Transcribe the records exactly from the line with "Anine Bing Black Tee - Picture 5 of 12" to the end, both included.

#### INPUT FOR THIS TASK ####

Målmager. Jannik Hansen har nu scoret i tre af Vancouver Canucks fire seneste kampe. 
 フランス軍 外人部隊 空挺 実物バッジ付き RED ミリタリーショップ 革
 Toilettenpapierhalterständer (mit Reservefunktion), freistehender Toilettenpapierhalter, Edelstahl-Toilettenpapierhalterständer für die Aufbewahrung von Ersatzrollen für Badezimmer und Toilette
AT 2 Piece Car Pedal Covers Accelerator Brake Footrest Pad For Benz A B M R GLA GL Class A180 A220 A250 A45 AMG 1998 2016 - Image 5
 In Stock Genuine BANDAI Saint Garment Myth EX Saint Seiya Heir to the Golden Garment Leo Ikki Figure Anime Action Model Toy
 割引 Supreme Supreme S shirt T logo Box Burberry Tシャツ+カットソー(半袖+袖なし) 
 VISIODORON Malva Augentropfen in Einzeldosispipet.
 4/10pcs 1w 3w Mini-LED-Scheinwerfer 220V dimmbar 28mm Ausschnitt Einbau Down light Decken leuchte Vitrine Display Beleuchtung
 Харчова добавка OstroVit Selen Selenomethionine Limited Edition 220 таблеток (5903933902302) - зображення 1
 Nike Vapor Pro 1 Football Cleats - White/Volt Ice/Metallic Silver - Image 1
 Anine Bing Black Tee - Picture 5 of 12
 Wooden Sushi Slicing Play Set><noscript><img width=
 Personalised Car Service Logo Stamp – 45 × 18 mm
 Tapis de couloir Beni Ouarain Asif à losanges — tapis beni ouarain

####

*ANSWER TO THE PROBLEM:*
 Anine Bing Black Tee - Picture 5 of 12
 Wooden Sushi Slicing Play Set><noscript><img width=
 Personalised Car Service Logo Stamp – 45 × 18 mm
 Tapis de couloir Beni Ouarain Asif à losanges — tapis beni ouarain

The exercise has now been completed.